Start at the line holding "Le Rocce Rosse". Write out that line and each one after it to the end of the data, unchanged.

◆ **Record extracts**:

- - - - -

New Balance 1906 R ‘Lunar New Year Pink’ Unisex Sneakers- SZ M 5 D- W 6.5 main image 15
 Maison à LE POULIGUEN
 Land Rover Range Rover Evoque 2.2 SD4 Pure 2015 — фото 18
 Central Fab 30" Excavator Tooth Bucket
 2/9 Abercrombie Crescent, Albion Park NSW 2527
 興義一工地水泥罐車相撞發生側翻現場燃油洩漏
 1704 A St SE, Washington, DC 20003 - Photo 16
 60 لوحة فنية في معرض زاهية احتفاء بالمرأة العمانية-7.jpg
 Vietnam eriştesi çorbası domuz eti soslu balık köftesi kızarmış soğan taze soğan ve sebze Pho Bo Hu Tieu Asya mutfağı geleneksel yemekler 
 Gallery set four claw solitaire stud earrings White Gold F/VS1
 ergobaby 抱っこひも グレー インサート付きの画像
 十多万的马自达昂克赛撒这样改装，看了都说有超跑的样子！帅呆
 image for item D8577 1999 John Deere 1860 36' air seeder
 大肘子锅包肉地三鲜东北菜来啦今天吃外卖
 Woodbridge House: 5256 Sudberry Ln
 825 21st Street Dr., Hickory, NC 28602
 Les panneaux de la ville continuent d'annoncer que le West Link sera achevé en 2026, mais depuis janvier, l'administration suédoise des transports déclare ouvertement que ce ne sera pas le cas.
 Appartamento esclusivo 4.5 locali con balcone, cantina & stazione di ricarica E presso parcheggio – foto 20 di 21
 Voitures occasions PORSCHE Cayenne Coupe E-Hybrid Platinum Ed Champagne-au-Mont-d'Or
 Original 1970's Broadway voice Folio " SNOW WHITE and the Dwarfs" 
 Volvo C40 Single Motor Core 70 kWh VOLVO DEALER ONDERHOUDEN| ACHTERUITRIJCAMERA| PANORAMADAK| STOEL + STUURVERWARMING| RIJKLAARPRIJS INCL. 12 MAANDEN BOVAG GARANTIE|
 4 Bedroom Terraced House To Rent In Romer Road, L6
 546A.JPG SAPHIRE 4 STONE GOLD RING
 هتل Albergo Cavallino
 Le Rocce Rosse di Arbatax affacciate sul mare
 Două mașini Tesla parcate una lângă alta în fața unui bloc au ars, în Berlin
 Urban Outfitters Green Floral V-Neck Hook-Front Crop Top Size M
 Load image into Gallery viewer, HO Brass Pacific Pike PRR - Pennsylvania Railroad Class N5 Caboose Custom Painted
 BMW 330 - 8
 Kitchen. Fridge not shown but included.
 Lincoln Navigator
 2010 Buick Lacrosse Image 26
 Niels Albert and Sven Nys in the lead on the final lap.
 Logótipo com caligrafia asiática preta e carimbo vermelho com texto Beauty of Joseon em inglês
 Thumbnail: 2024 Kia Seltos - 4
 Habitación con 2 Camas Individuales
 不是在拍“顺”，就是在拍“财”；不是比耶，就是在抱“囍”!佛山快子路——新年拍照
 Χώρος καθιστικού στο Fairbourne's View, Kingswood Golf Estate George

- - - - -

◆ **Answer**:
 Le Rocce Rosse di Arbatax affacciate sul mare
 Două mașini Tesla parcate una lângă alta în fața unui bloc au ars, în Berlin
 Urban Outfitters Green Floral V-Neck Hook-Front Crop Top Size M
 Load image into Gallery viewer, HO Brass Pacific Pike PRR - Pennsylvania Railroad Class N5 Caboose Custom Painted
 BMW 330 - 8
 Kitchen. Fridge not shown but included.
 Lincoln Navigator
 2010 Buick Lacrosse Image 26
 Niels Albert and Sven Nys in the lead on the final lap.
 Logótipo com caligrafia asiática preta e carimbo vermelho com texto Beauty of Joseon em inglês
 Thumbnail: 2024 Kia Seltos - 4
 Habitación con 2 Camas Individuales
 不是在拍“顺”，就是在拍“财”；不是比耶，就是在抱“囍”!佛山快子路——新年拍照
 Χώρος καθιστικού στο Fairbourne's View, Kingswood Golf Estate George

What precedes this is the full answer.